「外壁塗装から営業トークにはいる業者には、詐欺まがいの会社が多いですね。」 外壁塗装業者のN-TRUSTさんを取材中、中村社長はそう断言しました。
富田林市の注意喚起
現在、あたかも市町村から外壁塗装の助成金が出るかのような広告が横行しており、対応に手を焼く多くの市町村が同様の注意書きを掲載しています。「助成金が出る」というウソ広告の目的は、もちろん高額な契約を取ることですから、絶対にダマされないでください。
この記事ではそれ以外にも、
といった外壁塗装詐欺のパターンを解説しています。
市町村によっては2~10万円程度の少額の助成金が出る場合があります。その点については、以下の記事で解説しています。
実は条件が厳しい補助金・助成金の正体とは?
2023年4月現在、国が定めた外壁塗装向けの助成金や補助金制度はありません。外壁塗装で助成金や補助金を狙うとすると、市町村の制度を利用することになります。

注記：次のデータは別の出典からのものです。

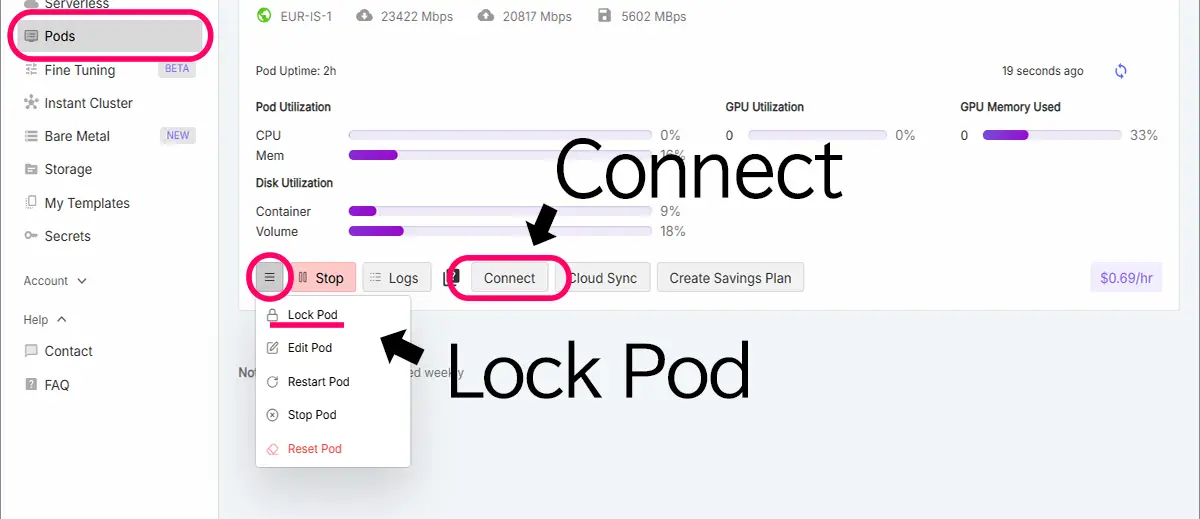Lock Pod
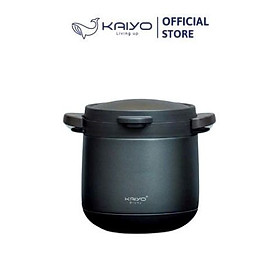Nồi ủ chân không 2 tay cầm Kitchen Mate Kaiyo KTC-6902, dung tích 4,5L hàng chính hãng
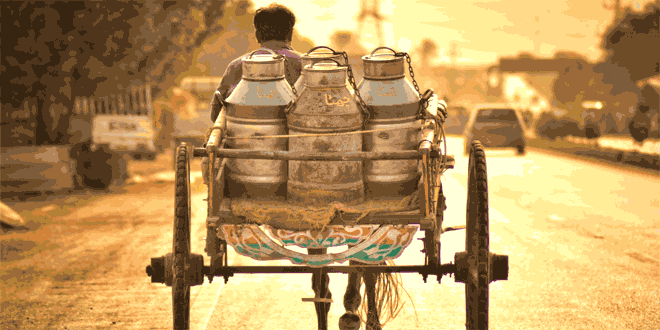 Who sings while going on the road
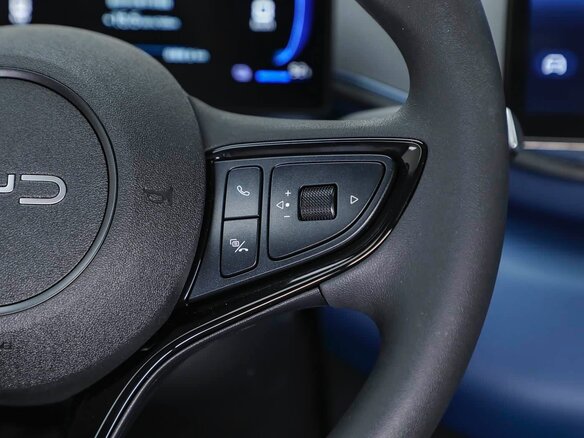 2025 BYD Seagull 38.88 kWh I Рестайлинг, голубой, 1670000 рублей - вид 10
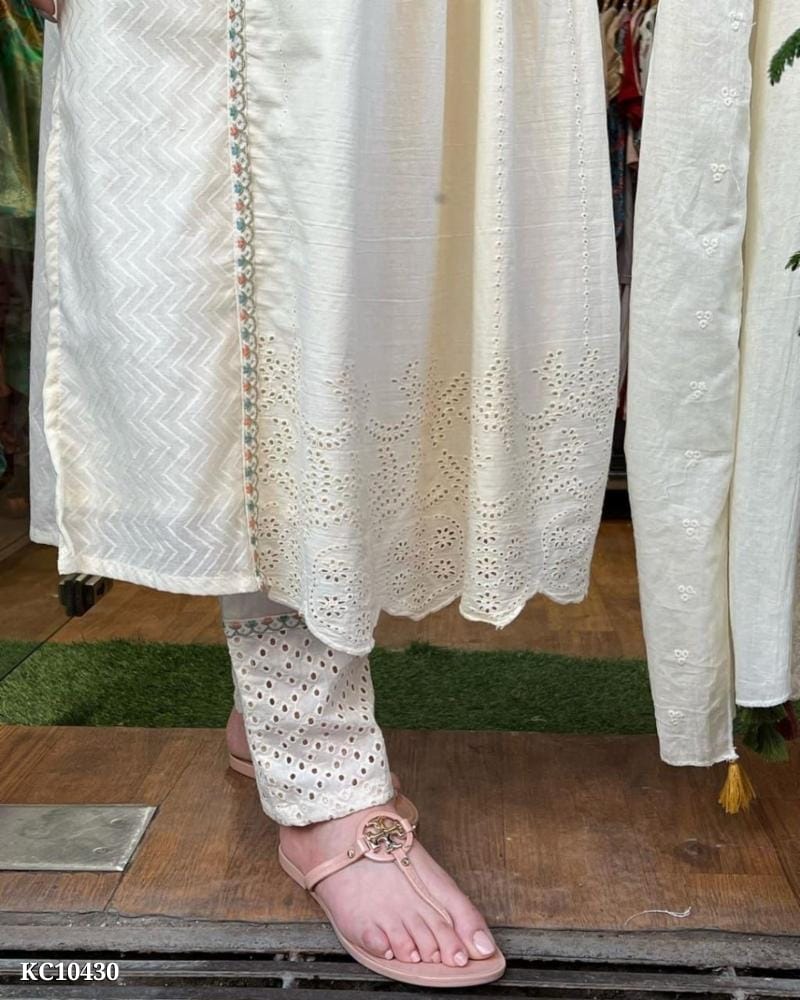 Shiffly Kurti Pant Dupatta Set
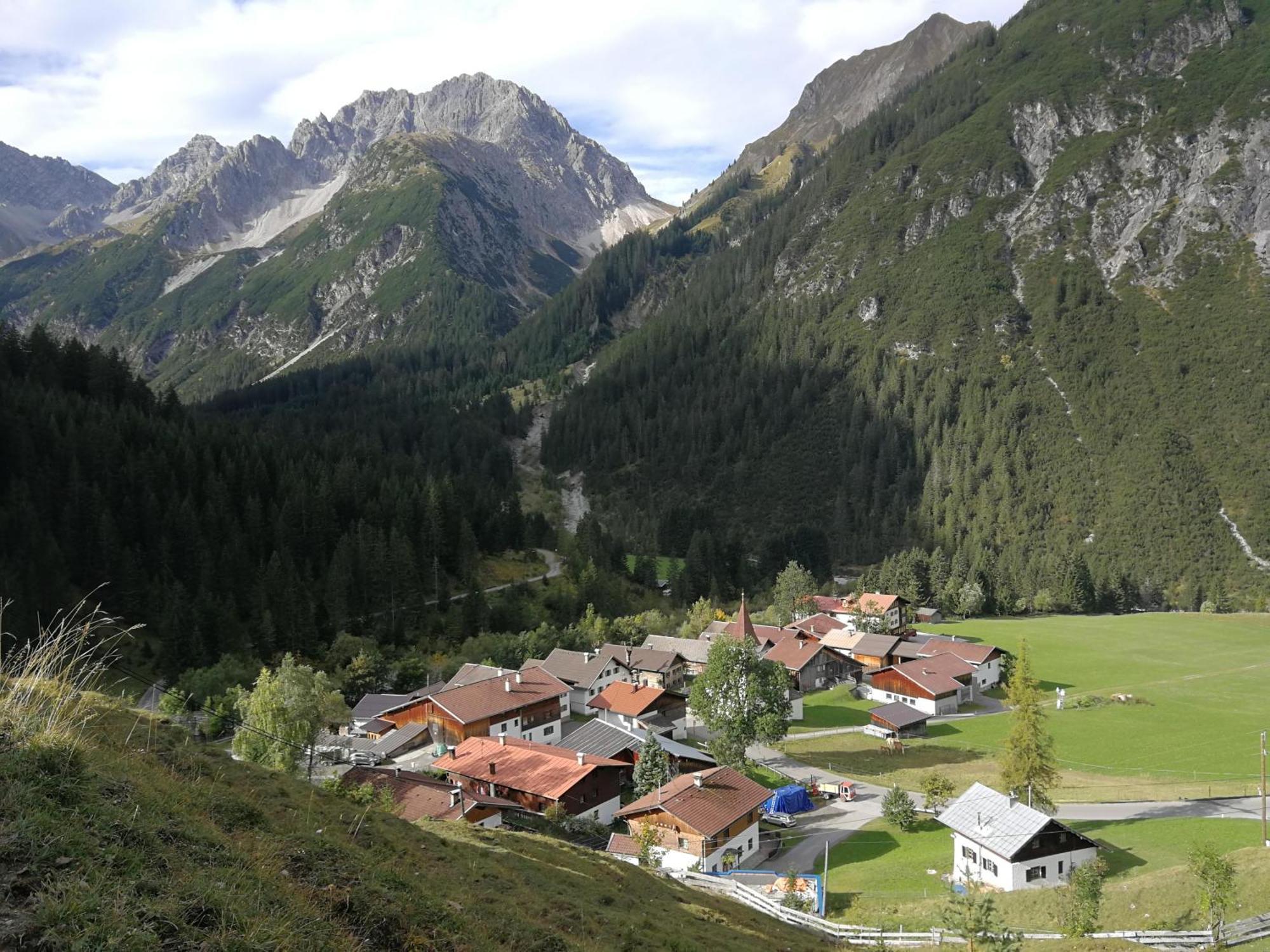 Bergbauernhof Pabulariu Villa Boden Luaran gambar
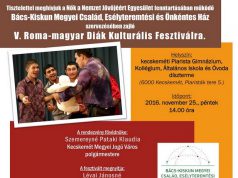Roma-magyar Diák Kulturális Fesztivál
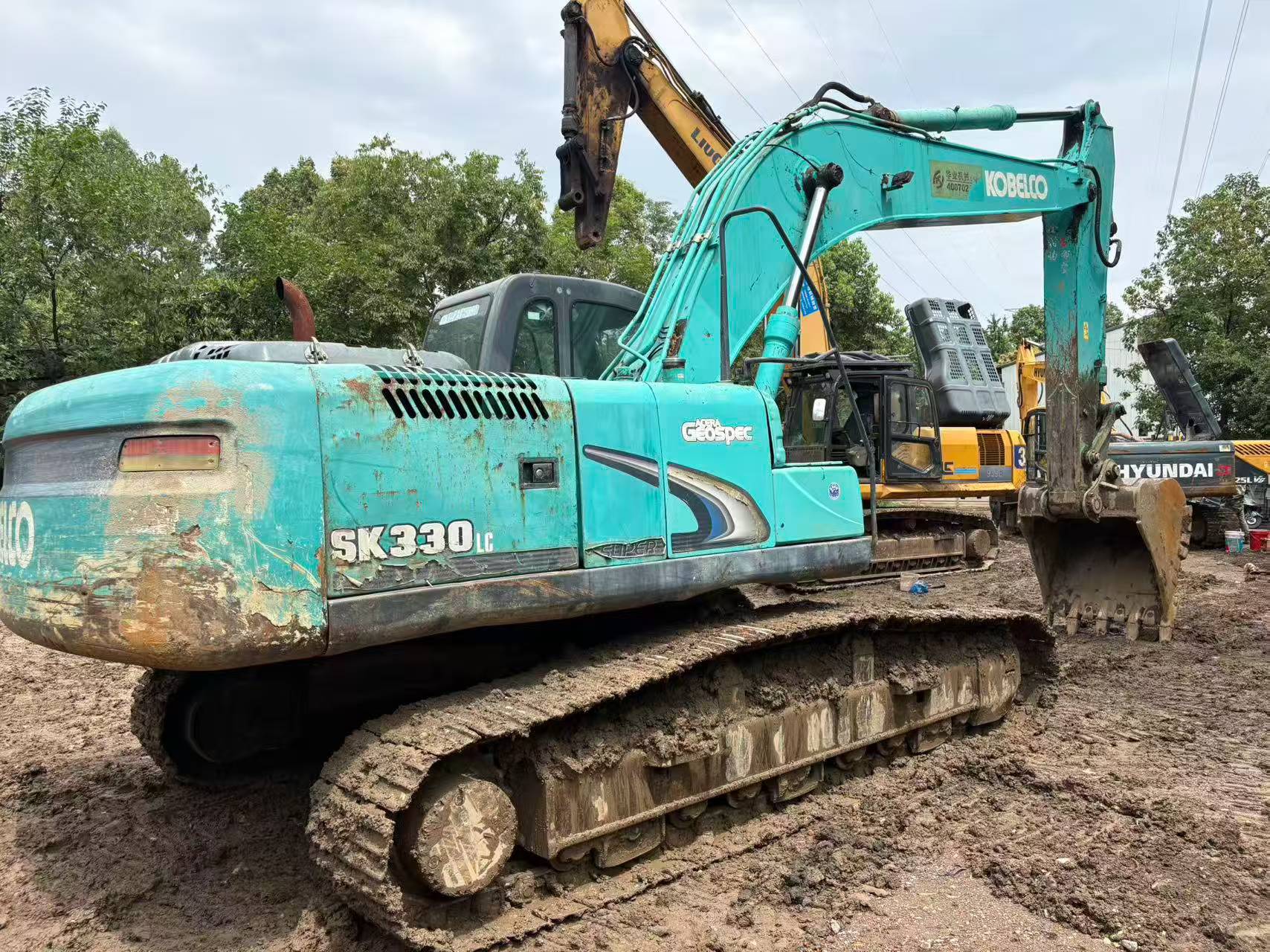 Buy Kobelco SK260 Used Excavator / 2 Buy Kobelco SK260 Used Excavator / 2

ところが、これがかなり使いにくい制度となっているのです。
なぜこれらの制度が使いにくいのかというと、そもそも補助される金額が上限でも10万円程度と非常に少ないこと(注)。さらに市町村の予算が限られているケースが多く、申し込める時期が限られることも理由のひとつ。その年度の初月にはもう定員に達していた、ということも珍しくありません。

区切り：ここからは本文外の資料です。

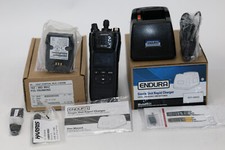 Harris XL-185P Portable Radio P25 AES DES 7/800 MHz Phase II 2.5 *New Old Stock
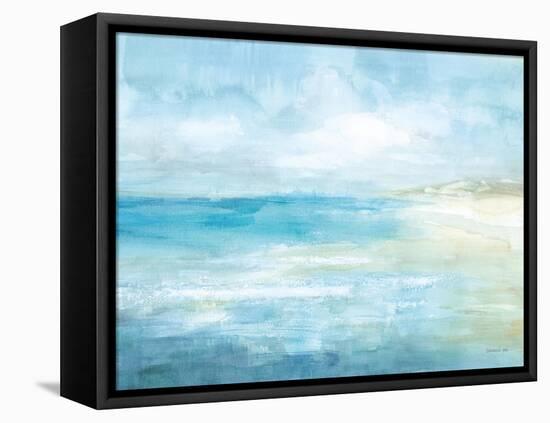 Sandy Cove-Danhui Nai-Framed Stretched Canvas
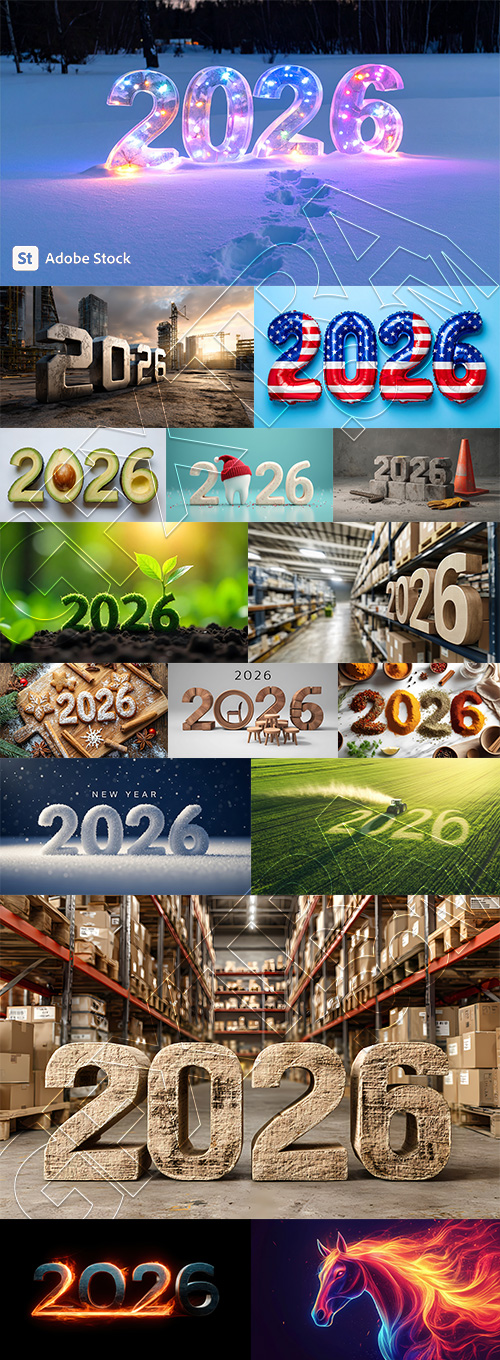 2026 New Year Amazing Backgrounds 40xJPEG 2026 New Year Amazing Backgrounds 40xJPEG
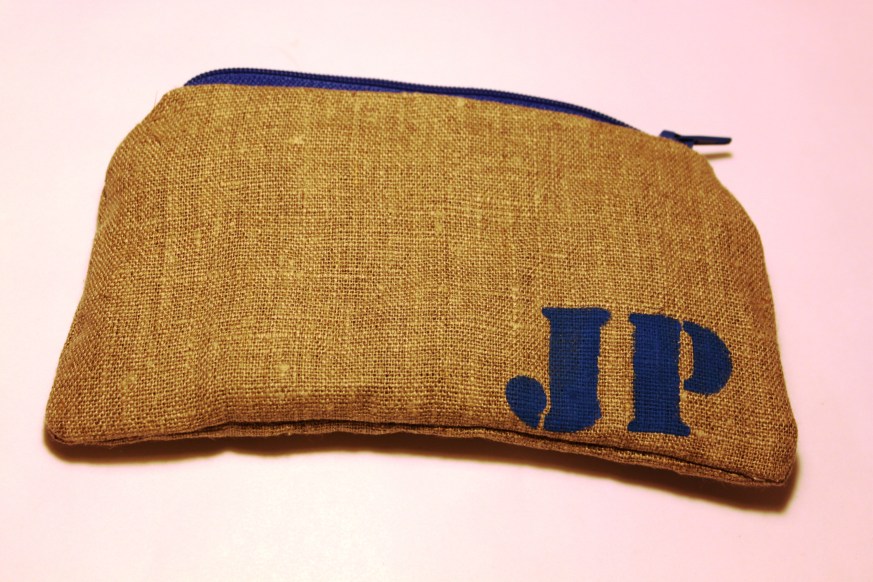 Pochette personnalisée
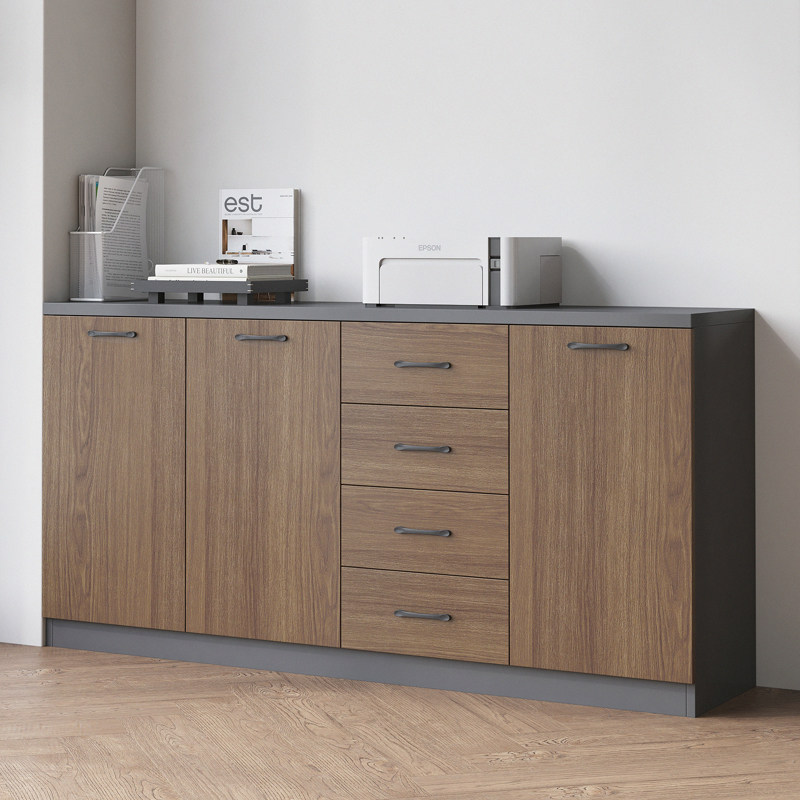 矮柜文件柜带锁办公柜储物柜隔断柜资料柜办公室木质落地柜收纳柜,商业/办公家具,矮柜,淘宝优惠券,粉丝福利购,淘宝优惠卷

このように使えない助成金・補助金を、いかにも簡単に使えるように語る営業トークは悪徳業者が好んで使います。
「助成金で安くなりますよ」
というトークで入ってきたら、その業者には警戒しましょう。助成金をメインに打ち出しているチラシやホームページも、疑ってかかるべきだといえます。
上限額を20万円に設定している市町村も存在しますが、かなり少数派です。
助成金は「ついでに狙う」のが正解!
ここまでで「助成金の正体」がわかりました。
外壁塗装の助成金とは、「省エネ改修などをする場合に、市町村によって最大で10万円程度の補助が出るが、出ない自治体のほうが多い」という制度です。

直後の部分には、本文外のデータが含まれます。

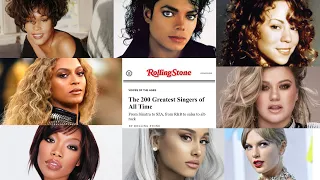 The Problem With Rolling Stone's List of "200 Greatest Singers of All Time"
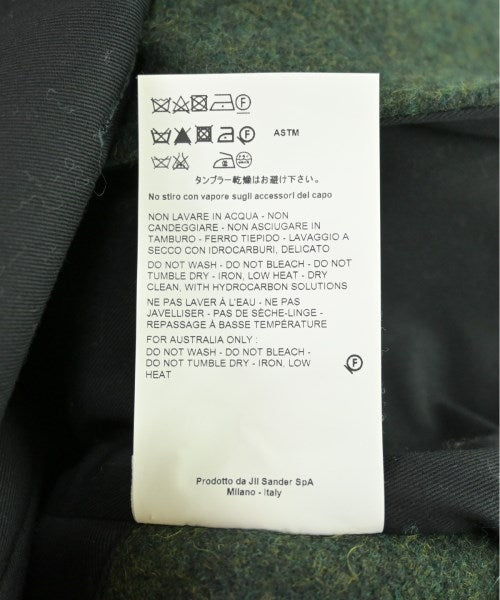 JIL SANDER 海軍外套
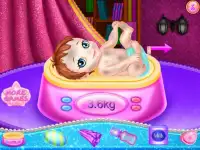 बेबी केयर लड़कियों के खेल Screen Shot 3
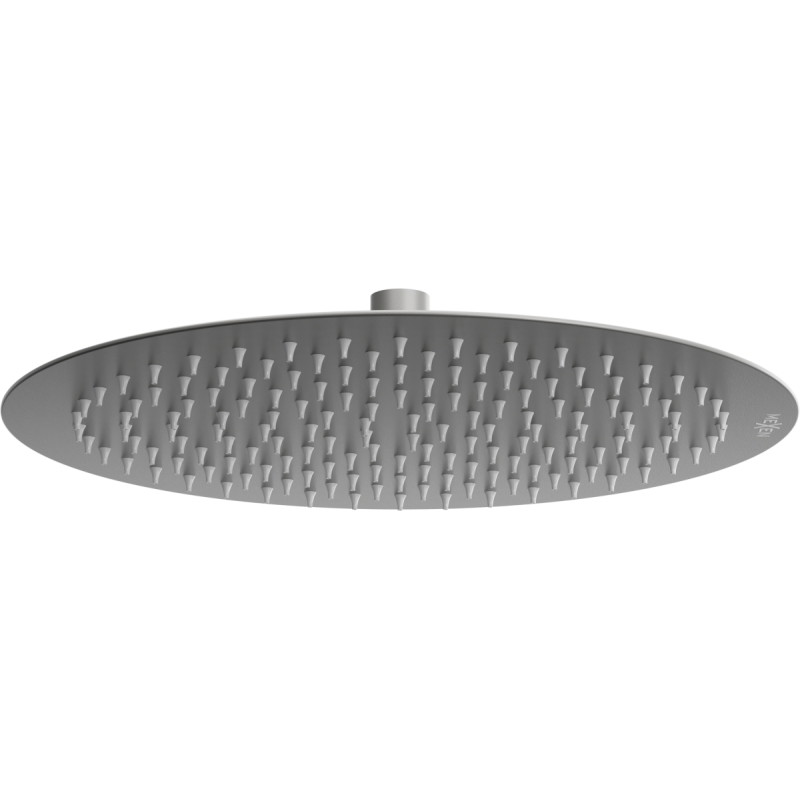 Mexen Slim lietaus dušo galvutė 30 cm, šlifuota ginklų pilka - 79230-66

わざわざ助成金をメインに狙いに行くと時間がもったいないので「ついでに狙う!」というのがおすすめです。その場合、中抜きしているリフォーム会社ではなく、自社施工している「塗装店」に相談するのがおすすめです。
この記事作成のために取材したN-TRUSTさんも、地元の「塗装店」です。その市町村の助成金事情に詳しく、申請できるなら「ついでに出しておきましょう」という感じで協力してくれます。その際、中村社長も登録している「ヌリカエ」というサービスを利用するのがいいでしょう。
ヌリカエ|公式サイト
「ヌリカエ」に登録しているのは、すべて自社施工する塗装店なので、相見積もりをとりながら「助成金や火災保険対応はできますか?」と尋ねるのがいいでしょう。
助成金だけではなく、火災保険適用など外壁塗装を安くする、さまざまなノウハウも教えてもらえるはずです。
反響課金と成約課金の違いについては、以下の記事で詳しく解説しています。
外壁塗装の詐欺業者が好むその他の手口は?
この章では、助成金詐欺だけではなく、悪徳詐欺業者が好むその他の手口を紹介しておきます。もし塗装業者から「助成金が使えるからウチで工事をさせてください」と言われている場合は、その他の詐欺業者シグナルにも注目してください。
「モニター」「キャンペーン」という用語は要注意
以下の記事でも解説をしていますが、外壁塗装工事は原価率が高く値引きできる範囲はかなり限られています。
そのため、マジメに営業している外壁塗装業者が大幅な値引きやキャンペーン価格を適用する余地はありません。
「モニター価格で施工できます」とか「キャンペーンで激安価格になっています」といった営業トークは非常に怪しいので注意してください。
向こうから「格安にします」と言ってきたら手抜きサイン
相見積りを取ったときに、最初から激安価格を提示してくる業者も疑ってください。これも同じ理由ですが、本来は塗装工事で大幅値引きをする事は不可能なはずです。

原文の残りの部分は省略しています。